The modern wine industry takes advantage of the flavours of new wood which complexes and contributes to the flavour of wine. This contribution is more or less significant according to the balance between wine and fruit flavours. In lesser wines the wood can make a more important contribution than the grape but the wine is not necessarily improved, despite the expense. In wines of class and real character the wood component, though considerable, may be barely perceptible. Only the grape accounts for palate sweetness and length in wine. The wood, and wood smoke, is capable of heightening and intensifying aromatic sensations which originate in the grape, but it is incapable of producing pleasant flavours in its own right. Married to grapes of quality, wood flavour is a bonus. In the reverse situation its presence is all too obvious and the lack of desirable character in the grape equally apparent.The choice of barrel size is important in that the ratio between wood surface area and wine volume depends on it. This then determines flavour pick up. It also determines the rate of oxidative change due to absorption of air by the wine. Air is present in the pores of the wood on filling, and gains access via the less than perfect joints between the staves. If a barrel is equipped with a glass end, one can observe minute bubbles of gas covering the entire upper interior surface of the wood. Given the amount of air apparently entering, it is hard to imagine that the wine would survive storage in a wooden barrel. Regular checks of sulphur dioxide content are necessary, especially in warm climates. A rigorous topping regime is desirable to avoid ruinous oxidation. On the other hand, the little bit of air supplied by a barrel will aid in the clarification and tannin softening, especially of young red wines. Wines stored on lees in tanks are always slightly smelly and unfresh by comparison but the same lees are much improved by the oxygen available in a barrel and the wine enhanced by their presence.

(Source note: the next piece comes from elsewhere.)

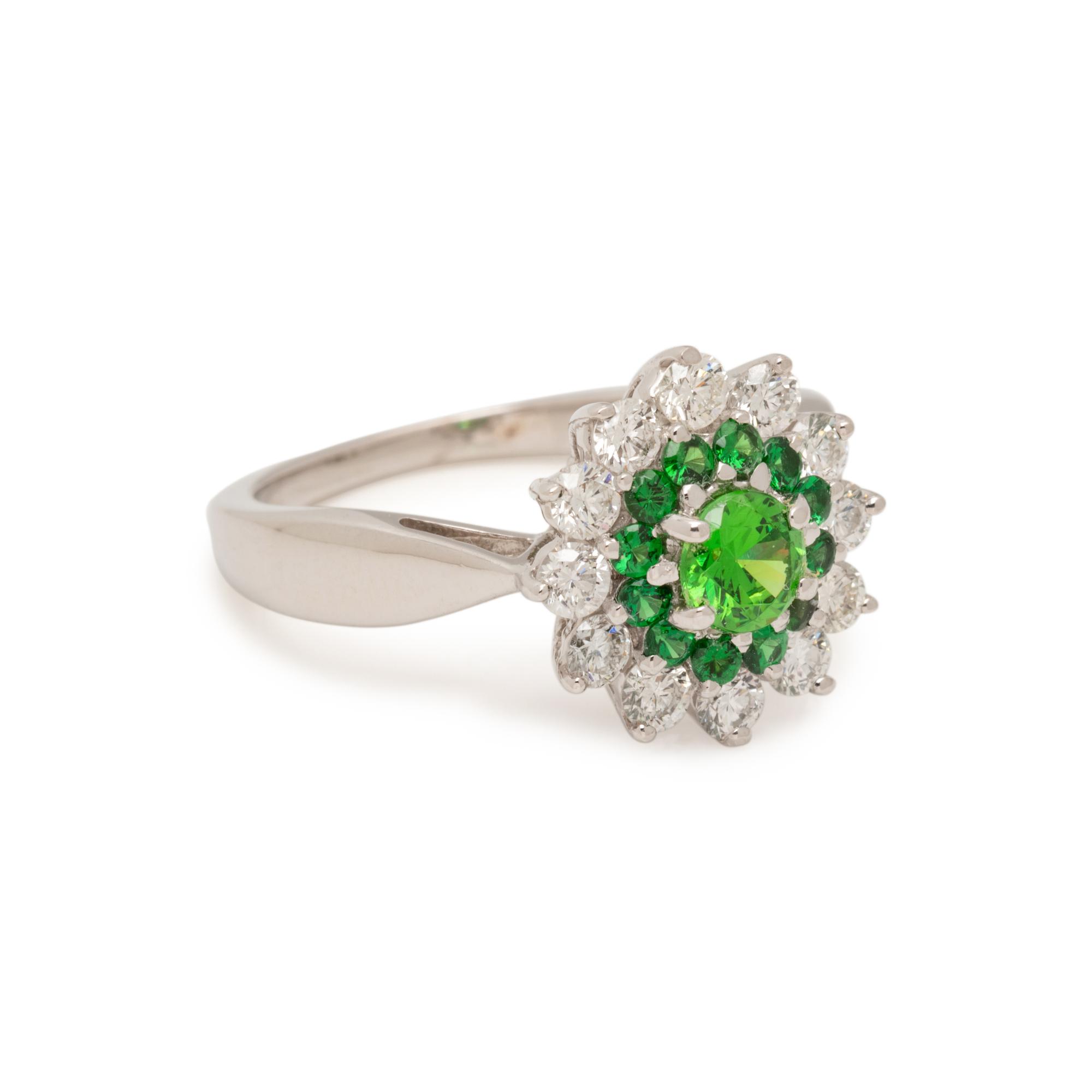 TSAVORITE GARNET AND DIAMOND RING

Raw wood characters, as one sees them in the aromatics of freshly planed timber, are harsh and unattractive in wine. Barrels must be heated in order to bend the staves without cracking them and in the process the wood is to varying degrees cooked and smoked. Smoking adds inviting aromas to many foods apart from wine. The heating process changes greatly the compounds present in the wood, dries out the cells, shrinkage and weight loss are quite marked, and the flavours change dramatically. Vigorous toasting at high temperatures can actually seal off the cells and delay, perhaps prevent, wine penetration into the wood. The tars present in wood, mobilized by heating, may be the sealing agents. The flavours of charred wood as seen in whisky are not as attractive in wine, as they add an acrid aromatic which may completely dominate. Thus, there's a balance to be achieved between the flavours of unheated wood and those produced by extremes of heating. This balance is not easy to reach in all surfaces of a barrel because of the awkwardness of barrel shape and variances in fire intensity. As noted earlier. the heads, which do not need to be bent, may not be heated at all. Barrels from the same cooper produce variable flavours and it appears that coopering differences are the major source of this variation rather than variations in the wood itself. Because the winemaker is not in a position to relate these flavour differences to what actually happened in the cooperage process, progress in understanding these relationships has been slow.
The price of imported wooden barrels is in excess of $1200 per unit and their use is less and less justifiable as competition drives wine prices ever lower.